What is needed: Look through the entries below, please, and copy every line with the word "Mercedes".

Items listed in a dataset
·····
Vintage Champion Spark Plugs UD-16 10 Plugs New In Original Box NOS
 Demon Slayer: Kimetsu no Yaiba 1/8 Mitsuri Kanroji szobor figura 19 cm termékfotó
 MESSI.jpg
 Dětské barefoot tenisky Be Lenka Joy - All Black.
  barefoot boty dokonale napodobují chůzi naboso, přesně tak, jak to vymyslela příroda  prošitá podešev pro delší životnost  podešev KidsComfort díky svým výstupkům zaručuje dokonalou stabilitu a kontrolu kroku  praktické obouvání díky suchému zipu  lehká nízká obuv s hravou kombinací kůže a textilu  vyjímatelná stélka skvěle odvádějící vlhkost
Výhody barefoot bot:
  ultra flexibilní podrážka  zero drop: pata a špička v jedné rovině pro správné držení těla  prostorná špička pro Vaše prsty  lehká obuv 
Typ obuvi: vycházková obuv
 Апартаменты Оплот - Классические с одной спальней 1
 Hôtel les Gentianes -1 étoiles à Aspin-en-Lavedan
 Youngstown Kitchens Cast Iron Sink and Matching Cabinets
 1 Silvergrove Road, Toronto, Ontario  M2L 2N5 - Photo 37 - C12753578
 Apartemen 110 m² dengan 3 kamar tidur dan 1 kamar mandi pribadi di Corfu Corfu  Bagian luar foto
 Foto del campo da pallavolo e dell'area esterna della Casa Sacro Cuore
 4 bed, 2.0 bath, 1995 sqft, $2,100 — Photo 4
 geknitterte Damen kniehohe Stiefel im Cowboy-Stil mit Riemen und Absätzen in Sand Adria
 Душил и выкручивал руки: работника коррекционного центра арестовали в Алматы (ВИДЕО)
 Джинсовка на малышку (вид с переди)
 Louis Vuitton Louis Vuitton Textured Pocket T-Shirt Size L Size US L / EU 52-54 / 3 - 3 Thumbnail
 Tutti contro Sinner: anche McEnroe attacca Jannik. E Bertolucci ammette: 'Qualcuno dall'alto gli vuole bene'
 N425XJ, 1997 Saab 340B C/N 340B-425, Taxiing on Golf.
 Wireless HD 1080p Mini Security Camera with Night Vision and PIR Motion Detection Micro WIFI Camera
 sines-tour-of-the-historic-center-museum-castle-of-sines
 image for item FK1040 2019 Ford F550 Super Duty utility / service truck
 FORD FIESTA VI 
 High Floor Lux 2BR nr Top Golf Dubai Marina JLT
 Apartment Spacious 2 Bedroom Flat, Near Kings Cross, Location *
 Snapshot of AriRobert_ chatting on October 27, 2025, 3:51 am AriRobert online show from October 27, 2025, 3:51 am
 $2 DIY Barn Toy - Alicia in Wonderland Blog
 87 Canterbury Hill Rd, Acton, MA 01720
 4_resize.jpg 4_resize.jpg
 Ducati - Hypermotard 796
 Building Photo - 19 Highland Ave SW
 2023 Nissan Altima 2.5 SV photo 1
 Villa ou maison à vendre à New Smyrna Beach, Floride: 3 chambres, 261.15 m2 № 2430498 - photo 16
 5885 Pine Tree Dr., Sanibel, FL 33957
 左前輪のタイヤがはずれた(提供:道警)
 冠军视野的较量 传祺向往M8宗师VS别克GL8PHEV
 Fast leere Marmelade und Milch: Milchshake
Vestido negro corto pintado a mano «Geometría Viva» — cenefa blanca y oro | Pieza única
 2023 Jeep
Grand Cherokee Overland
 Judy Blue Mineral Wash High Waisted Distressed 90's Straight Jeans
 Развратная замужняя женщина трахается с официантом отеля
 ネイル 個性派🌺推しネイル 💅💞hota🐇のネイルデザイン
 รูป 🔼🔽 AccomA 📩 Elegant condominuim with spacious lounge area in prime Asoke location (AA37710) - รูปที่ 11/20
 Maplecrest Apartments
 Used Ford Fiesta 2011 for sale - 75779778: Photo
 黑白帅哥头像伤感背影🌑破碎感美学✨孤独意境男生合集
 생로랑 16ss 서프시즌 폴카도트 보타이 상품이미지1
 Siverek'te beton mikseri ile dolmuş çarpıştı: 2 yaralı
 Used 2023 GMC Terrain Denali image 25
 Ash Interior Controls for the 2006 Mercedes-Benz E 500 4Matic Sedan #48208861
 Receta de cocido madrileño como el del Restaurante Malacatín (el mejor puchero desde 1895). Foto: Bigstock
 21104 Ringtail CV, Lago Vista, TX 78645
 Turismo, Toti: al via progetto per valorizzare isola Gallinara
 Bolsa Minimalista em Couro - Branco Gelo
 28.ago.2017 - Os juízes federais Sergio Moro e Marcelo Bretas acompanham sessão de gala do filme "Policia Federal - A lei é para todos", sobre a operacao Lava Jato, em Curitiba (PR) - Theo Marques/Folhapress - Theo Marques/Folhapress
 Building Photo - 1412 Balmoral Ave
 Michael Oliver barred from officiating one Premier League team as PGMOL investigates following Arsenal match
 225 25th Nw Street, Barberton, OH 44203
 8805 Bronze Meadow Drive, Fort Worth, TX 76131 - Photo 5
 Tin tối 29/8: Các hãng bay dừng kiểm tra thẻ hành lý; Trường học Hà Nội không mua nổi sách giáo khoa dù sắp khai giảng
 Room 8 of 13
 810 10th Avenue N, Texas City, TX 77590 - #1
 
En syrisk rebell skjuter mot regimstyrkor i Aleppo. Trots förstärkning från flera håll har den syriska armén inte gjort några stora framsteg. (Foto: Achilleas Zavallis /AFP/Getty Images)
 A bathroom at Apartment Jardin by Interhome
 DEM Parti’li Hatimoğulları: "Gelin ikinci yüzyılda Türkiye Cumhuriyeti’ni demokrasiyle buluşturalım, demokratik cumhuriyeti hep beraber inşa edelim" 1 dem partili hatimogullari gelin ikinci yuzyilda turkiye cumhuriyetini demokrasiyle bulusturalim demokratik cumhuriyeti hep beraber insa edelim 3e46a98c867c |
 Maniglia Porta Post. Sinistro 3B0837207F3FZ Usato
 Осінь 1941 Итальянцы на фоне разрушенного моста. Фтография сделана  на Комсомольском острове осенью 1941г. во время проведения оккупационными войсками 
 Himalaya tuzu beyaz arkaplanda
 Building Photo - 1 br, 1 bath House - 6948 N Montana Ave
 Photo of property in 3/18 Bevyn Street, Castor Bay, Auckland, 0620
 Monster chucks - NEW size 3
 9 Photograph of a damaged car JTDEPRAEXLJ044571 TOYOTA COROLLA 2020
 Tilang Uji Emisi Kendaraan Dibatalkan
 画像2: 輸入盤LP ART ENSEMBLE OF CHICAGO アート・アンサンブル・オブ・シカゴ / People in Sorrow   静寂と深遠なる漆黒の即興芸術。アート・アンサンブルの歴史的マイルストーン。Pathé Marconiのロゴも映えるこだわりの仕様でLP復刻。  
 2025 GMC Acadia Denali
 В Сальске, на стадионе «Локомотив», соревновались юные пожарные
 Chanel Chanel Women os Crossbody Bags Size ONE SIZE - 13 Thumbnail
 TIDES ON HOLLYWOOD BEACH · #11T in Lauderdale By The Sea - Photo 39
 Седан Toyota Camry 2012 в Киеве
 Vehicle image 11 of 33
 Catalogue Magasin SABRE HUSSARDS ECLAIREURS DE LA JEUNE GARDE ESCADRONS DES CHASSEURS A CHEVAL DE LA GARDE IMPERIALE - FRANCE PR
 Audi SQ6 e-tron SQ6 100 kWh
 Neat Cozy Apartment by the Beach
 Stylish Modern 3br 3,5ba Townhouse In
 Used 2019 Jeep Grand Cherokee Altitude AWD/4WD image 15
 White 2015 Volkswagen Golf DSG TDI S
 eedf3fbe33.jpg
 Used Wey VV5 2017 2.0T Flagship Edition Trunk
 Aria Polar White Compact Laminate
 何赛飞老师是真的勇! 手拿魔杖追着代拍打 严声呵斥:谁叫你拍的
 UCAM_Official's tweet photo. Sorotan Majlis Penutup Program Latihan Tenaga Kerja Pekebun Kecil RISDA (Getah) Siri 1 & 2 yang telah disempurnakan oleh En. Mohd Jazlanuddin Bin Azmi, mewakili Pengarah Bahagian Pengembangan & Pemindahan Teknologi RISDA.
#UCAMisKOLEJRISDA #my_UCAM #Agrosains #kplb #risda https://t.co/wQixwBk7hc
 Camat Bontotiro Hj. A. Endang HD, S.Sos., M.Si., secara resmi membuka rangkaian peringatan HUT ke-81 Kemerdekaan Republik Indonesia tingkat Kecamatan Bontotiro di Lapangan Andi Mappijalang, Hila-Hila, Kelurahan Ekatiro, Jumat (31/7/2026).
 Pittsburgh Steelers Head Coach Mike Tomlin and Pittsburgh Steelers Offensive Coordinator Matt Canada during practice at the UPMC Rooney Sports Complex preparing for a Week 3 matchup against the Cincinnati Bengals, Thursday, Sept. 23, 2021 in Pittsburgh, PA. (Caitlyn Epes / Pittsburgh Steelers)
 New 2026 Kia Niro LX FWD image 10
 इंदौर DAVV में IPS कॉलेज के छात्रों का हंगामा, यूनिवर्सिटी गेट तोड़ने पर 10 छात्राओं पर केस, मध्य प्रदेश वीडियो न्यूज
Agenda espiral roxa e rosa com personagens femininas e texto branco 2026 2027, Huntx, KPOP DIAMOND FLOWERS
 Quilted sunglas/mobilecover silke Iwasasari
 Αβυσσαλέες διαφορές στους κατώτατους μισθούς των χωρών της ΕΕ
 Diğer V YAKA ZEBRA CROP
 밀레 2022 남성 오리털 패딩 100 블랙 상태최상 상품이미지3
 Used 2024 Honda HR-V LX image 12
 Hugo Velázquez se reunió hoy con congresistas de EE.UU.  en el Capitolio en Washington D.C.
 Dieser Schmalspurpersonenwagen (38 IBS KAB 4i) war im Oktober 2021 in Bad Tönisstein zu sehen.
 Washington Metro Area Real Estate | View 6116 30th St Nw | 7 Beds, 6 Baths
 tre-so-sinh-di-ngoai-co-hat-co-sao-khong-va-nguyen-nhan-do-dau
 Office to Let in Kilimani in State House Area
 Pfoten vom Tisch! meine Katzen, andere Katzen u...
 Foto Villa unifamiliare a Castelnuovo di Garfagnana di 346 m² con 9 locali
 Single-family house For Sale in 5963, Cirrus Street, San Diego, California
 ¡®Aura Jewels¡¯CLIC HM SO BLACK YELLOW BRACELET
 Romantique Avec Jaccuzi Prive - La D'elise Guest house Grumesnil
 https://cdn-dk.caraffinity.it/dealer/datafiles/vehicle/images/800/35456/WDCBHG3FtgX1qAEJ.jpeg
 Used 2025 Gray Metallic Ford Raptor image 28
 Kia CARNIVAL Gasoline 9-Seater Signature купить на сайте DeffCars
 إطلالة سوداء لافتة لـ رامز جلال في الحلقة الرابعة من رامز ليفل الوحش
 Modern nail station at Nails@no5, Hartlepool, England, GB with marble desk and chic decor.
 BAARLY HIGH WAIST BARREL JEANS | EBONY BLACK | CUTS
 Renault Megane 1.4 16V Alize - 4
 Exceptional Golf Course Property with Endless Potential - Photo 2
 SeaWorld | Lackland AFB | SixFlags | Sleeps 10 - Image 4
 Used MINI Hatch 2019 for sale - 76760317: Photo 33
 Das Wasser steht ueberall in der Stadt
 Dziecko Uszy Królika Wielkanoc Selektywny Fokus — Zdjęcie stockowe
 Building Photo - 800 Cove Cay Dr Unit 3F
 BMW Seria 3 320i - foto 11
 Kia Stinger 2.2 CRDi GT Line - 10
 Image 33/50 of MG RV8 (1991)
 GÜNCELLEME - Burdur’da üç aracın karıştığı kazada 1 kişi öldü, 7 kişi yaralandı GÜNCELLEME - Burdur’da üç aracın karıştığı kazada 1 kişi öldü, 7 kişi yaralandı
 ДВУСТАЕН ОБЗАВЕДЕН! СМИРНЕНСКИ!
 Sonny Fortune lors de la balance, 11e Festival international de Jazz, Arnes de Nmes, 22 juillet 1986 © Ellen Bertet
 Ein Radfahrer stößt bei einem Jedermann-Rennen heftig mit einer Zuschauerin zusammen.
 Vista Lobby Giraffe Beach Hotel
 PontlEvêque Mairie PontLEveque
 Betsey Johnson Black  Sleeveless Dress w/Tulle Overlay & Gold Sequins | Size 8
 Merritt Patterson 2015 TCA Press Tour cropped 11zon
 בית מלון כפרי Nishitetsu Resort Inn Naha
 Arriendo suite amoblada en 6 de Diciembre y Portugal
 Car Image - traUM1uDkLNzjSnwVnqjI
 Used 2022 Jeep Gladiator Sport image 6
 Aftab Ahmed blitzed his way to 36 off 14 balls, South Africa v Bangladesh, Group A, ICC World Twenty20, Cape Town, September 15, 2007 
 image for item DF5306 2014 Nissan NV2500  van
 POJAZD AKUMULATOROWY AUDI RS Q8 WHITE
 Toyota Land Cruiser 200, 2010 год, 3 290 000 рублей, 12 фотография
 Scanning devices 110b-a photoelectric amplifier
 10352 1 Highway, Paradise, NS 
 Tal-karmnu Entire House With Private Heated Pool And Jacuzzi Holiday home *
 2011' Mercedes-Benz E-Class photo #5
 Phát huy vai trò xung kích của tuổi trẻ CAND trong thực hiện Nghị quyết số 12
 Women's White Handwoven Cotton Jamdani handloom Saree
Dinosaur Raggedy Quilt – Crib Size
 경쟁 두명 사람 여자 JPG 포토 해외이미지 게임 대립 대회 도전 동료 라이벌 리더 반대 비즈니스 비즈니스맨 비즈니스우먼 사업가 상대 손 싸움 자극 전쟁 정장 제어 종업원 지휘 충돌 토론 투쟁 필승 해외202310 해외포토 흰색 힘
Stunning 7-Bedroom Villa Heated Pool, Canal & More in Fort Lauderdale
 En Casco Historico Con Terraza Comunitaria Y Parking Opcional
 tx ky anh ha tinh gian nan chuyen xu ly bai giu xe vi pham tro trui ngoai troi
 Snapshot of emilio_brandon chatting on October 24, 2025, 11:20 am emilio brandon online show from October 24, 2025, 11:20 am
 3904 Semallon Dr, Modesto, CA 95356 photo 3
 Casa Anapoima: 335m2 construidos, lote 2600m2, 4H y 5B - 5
·····
Written response:
 Ash Interior Controls for the 2006 Mercedes-Benz E 500 4Matic Sedan #48208861
 2011' Mercedes-Benz E-Class photo #5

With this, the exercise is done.